KH Masyhuri Na'im: Perbedaan itu Layak Terjadi
NU Online · Kamis, 28 Desember 2006 | 11:07 WIB
Jakarta, NU Online
Perbedaan yang terjadi dalam penentuan awal Dzulhijjah 1427 H antara pemerintah Indonesia dan Arab Saudi tidak perlu dirisaukan. Perbedaan itu wajar terjadi karena secara geografis kedua negara tersebut berbeda.

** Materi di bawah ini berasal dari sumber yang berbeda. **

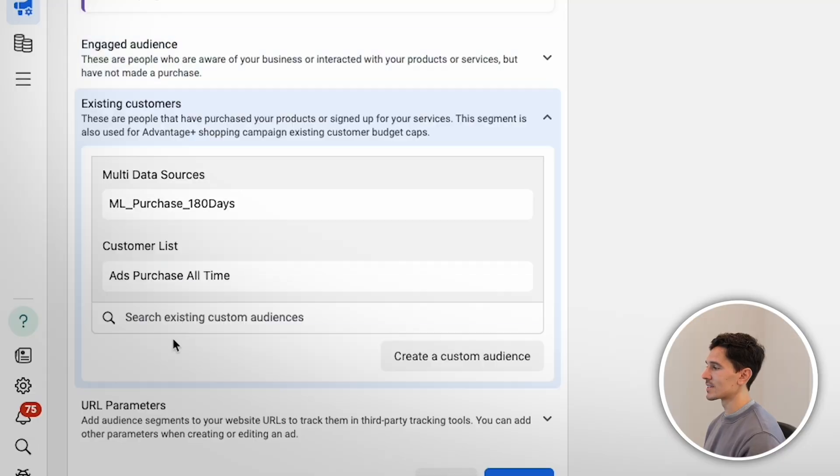What this now allows us to do is actually see the performance of the Engaged Audience and bid differently on engaged audiences versus existing customers or new audiences, which I'll show you in just a moment. The next step is the same exact process for existing customers.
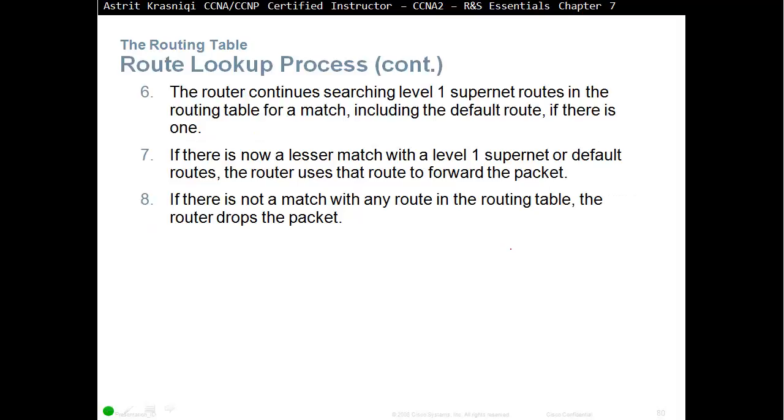Step number 6. The router continues searching level 1 supernet routes in the routing table for a match, including the default route, if there is one. If there is now a lesser match with the level 1 supernet or default route, the router uses the route to forward the packet. Step 8. If there is no match with any routes in the routing table, the router drops the packet.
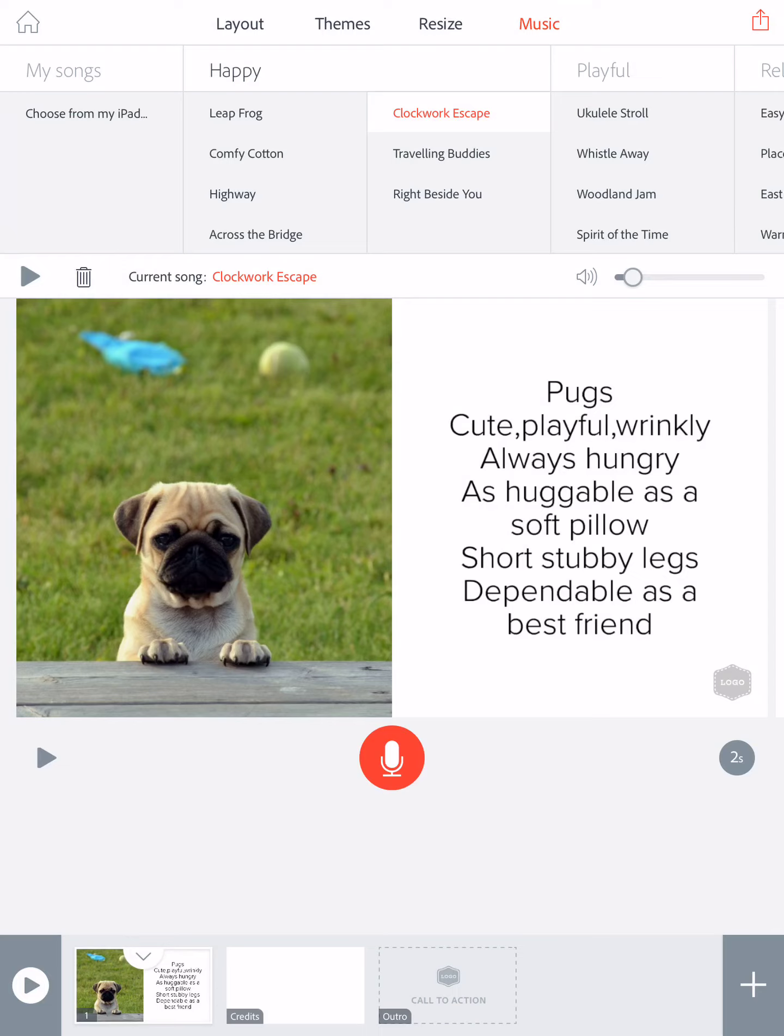You're done, so you've now shared the project. Whoever you sent that to, there'll be an email sent to that email address with the link that you can click on to play and listen to your poem. That's how you can share your poem that you've created in Adobe Spark video.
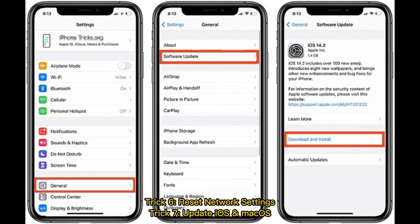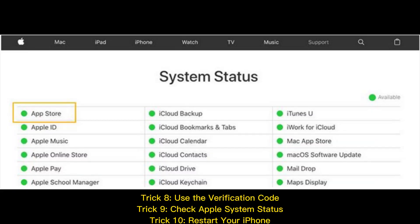Trick 6: Reset network settings. Trick 7: Update iOS and macOS. Trick 8: Use the verification code.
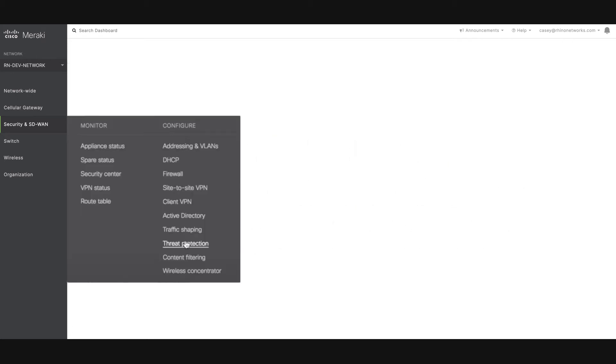To enable AMP, go to the Security and SD-WAN tab, and under the Configure section, go to the Threat Protection page.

Hal tersebut ditegaskan kembali oleh Rais Syuriah KH Muhammad Masyhuri Na’im menanggapi pertanyaan seputar munculnya pengumuman dari beberapa masjid besar di Jakarta yang akan melakukan shalat sunat Idul Adha pada hari Sabtu (30/12) depan. Dikatakannya Pengurus Besar Nahdlatul Ulama (PBNU) mengimbau masyarakat di Indonesia untuk mengikuti ketetapan (itsbat) pemerintah Indonesia.
<>Seperti diberitakan NU Online (22/12), pemerintah Kerajaan Arab Saudi akhirnya menetapkan awal Dzulhijjah pada hari Kamis, 21 Desember 2006, dan secara otomatis Shalat Idul Adha akan dilaksanakan pada hari Sabtu, 30 Desember 2006. Sementara pemerintah Indonesia, dalam hal ini Departemen Agama, berdasarkan sidang itsbat bersama ormas-ormas Islam di Indonesia menetapkan Idul Adha pada Hari Ahad, 31 Desember 2006.
“Di sini kita harus mengukuti itsbat pemerintah Indonesia, kecuali jika dalam penentuan awal bulan Dzulhijjah itu pemerintah tidak berdasar pada rukyatul hilal atau istiqmal. Patokannya ya dimana seseorang itu berada lah! Karena perbedaan tempat itu menentukan sudut pandang hilal dan matahari,” kata Kiai Mashuri Na’im.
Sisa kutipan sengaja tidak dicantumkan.